When it comes right down to it, the pickup truck is built to really do one thing–haul cargo. Yes, some people use them to tow, but hauling cargo is a pickup truck’s raison d’être. The ability to haul cargo is measured by a truck’s payload rating which tells you how much weight you can safely haul without damaging your pickup truck. The problem is that most payload ratings are limited. You can never have enough. One question I often get asked and see on the forums is if there is anyway to increase it? That’s a good question and one I’ll examine in this article.
First, it will help to understand how a truck’s payload is determined. Truck manufacturers typically employ a simple formula by taking the truck’s Gross Vehicle Weight Rating (GVWR) and subtracting the truck’s curb weight from that figure. For example, the GVWR of a 2011 F-250 is 10,000 pounds. If you subtract the curb weight of the truck, which is 6,686 pounds, from this figure you get a net figure of 3,314 pounds. This is the truck’s official payload. The payload rating for your truck can be found either on a placard located on the driver’s side door pillar and on a payload certification form found in your truck’s glove box. The payload includes not only the amount of weight that can be put in the bed of your truck but also includes the weight of the passengers and gear you may be carrying in the cab. It all counts.
If you need a large payload to haul something like a truck camper then you need to take a hard look at options. Yes, having a shiny, new diesel engine underneath that hood is great, but consider how much more weight that will place on your truck’s frame and how much that will reduce your truck’s payload. For instance, the 6.7L Ford Powerstroke diesel weighs 1,100 pounds wet compared to Ford’s 6.2L Boss V8 gas engine which weighs nearly half that at 600 pounds. And if you’re considering getting four-wheel drive, think again. That feature, while great for driving on rough roads, sand, and snow, isn’t so great for your payload rating. The typical four-wheel drive will add another 400 pounds of weight to your truck. The same applies to other nice-to-have options like steel wheels, a crew-cab, a super hitch and a winch; all of these add capability but reduce payload.
So how does one increase the payload of a truck? The most obvious way is to remove items from your truck like the tailgate (these usually weigh around 90 pounds), the rear seat, using lighter wheels and tires, etc. Removing items from your truck will increase its payload, but you can only go so far in removing things before you’re left with a bare-bones pickup truck. In spite of removing such items, however, the certified payload rating set by the manufacturer won’t change. The rating exists for safety because if you exceed it, components will eventually wear out and break. These components include things like the truck’s frame, the axles, the leaf springs, the brakes, and the wheels and tires. And while some shops claim they can increase your payload, only truck manufacturers can certify or re-certify the payload rating of their trucks.
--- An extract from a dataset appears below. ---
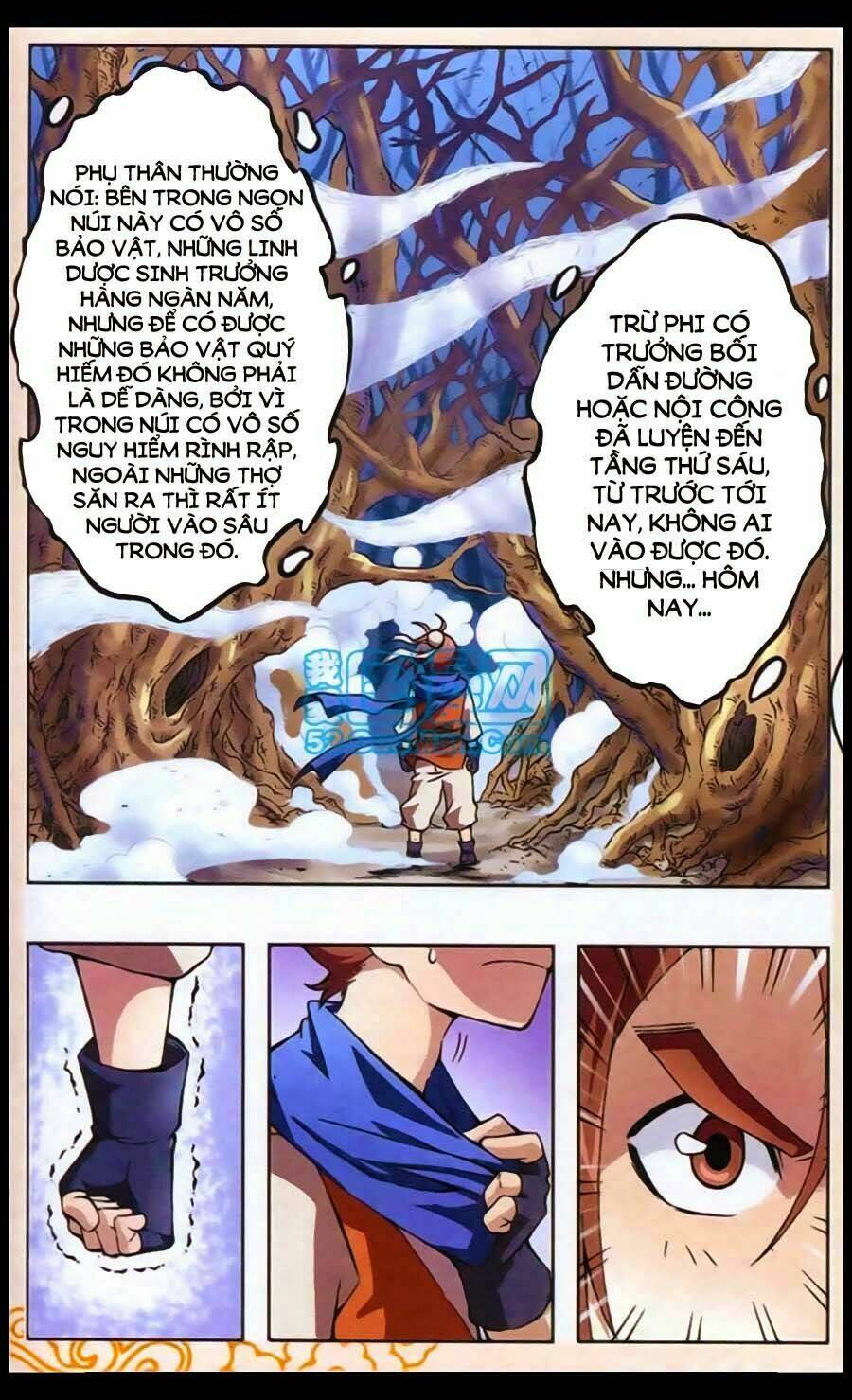 võ thần (mới) chapter 5 22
While exceeding the GVWR/payload rating isn’t advisable, there is one little-known trick employed by more savvy and knowledgeable pickup truck owner’s to squeeze out even more cargo hauling capability out of their trucks. This involves the truck’s Gross Axle Weight Ratings (GAWR). The GAWR’s listed on each truck’s payload sticker are greatly limited by the OEM tires. If you research the actual GAWR’s with the axle manufacturer you’ll probably be surprised to learn that you have several hundreds, if not thousands, of additional pounds of cargo carrying capacity. This is especially true with the rear axle. You can tap into this additional capacity by simply buying better tires with higher load ranges. Going this route, however, comes with a dual warning: one should never exceed the real GAWR’s of your axles nor should you ever exceed the weight ratings of your tires.
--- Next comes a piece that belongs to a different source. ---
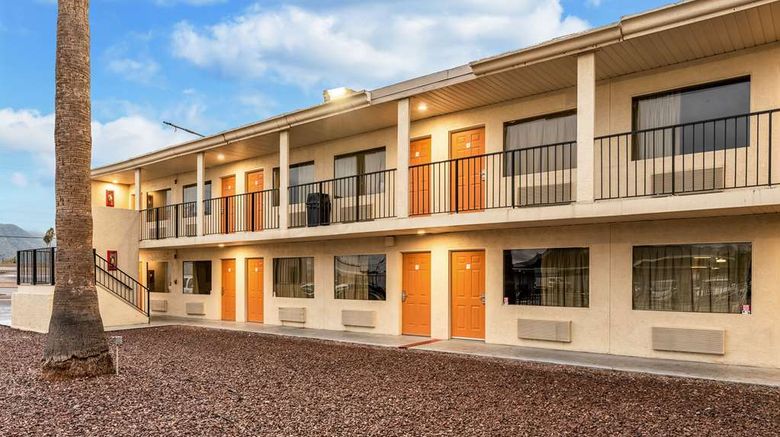 <b>Rodeway Inn Exterior</b>. Images powered by <a href="https://iceportal.shijigroup.com/" title="IcePortal" target="_blank">IcePortal</a>.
In spite of payload limitations, there are some other things that you can do to make your truck ride and handle better. Better wheels and tires with higher load ranges, an additional leaf spring, Torklift Stableloads, Timbrens, air bags, better shock absorbers, and a rear sway-bar are all great improvements, depending on your situation. But there’s always a catch with suspension modifications like these. Adding them may improve the performance and ride of your truck, but they may also reduce the payload of your truck and may make the ride of your truck much harsher when unloaded. In life there’s always some give and take, owning a pickup truck with options is no different.
In order to accurately determine where you stand when it comes to payload, you should take your fully loaded truck and camper to a local CAT scale. In addition to the entire vehicle, weigh each axle. That way, you’ll get an accurate picture where you stand with respect to not only the GVWR, but also the front and rear GAWR’s for your truck. Like most truck camper owners, you’ll probably be surprised at the results. Many owners are overweight.
So what’s the bottom line? If you find that you still need more payload and you aren’t comfortable driving the truck you have, sell it and buy the truck that you should have bought to begin with. For those who own truck campers, that usually means buying a one-ton pickup like the Ford F-350, Chevy 3500, or Ram 3500. Depending on cab configuration, drive train, and rear axle configuration (DRW or SRW), a one-ton can net you a payload between 3,800 and 6,200 pounds. Going this route may cost you a little more, but in the long run will save you money and regret.